The letter argued that the decision went against the Conservative Party’s election manifesto to “give more people the power and support to… start their own social enterprise” and claimed the changes would be the “final nail in the coffin” for future projects.
“Radical and wholly unexpected changes to the Finance Bill will decimate the [community energy] area that has shown by far the greatest potential for community share issues – community energy,” the letter stated.
It was published just hours after Labour and Co-operative MP Steve Reed called for a parliamentary debate on the subject and in the same week Luton South MP Gavin Shuker also addressed the chancellor seeking any evidence that HMT had gathered to support the decision.

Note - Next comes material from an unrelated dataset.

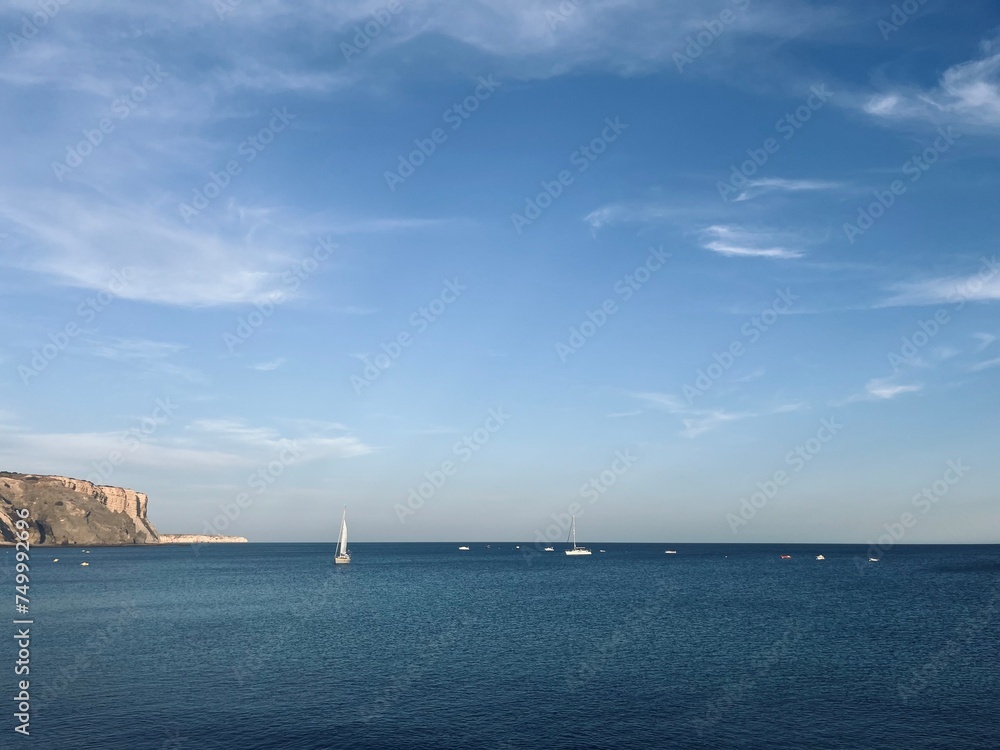 Fototapeta premium White sail boats at the ocean, blue ocean horizon, rocky coast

And just hours after the letter, campaign group REPOWERBalcombe announced that the cuts had forced its hand and that its plans to develop a community 5MW solar park at Chiddinglye Farm would have to be abandoned.
Last month the project was given the green light and plans had been in place to offer residents of the town, which had been targeted for fracking by oil and gas conglomerate Cuadrilla, the chance to purchase shares to contribute towards its funding.
But the group announced yesterday that those plans had been cancelled just as it was about to purchase the rights to the farm due to the difficulties it would have experienced in getting the project off the ground because of changes to tax relief, on top of the cancellation of pre-accreditation and plans to cut the feed-in tariff by as much as 87%.
“We are bitterly disappointed that it has come to this, especially after so much hard work has gone it. The mechanics of a project of this scale and how policy changes impacted us is complex and there will be a fuller explanation on our website in due course,” REPOWERBalcombe said in a statement published on its website.
The group did however state that the developer associated with Chiddinglye Farm was still committed to it and are now working to secure the capital required to get it operational.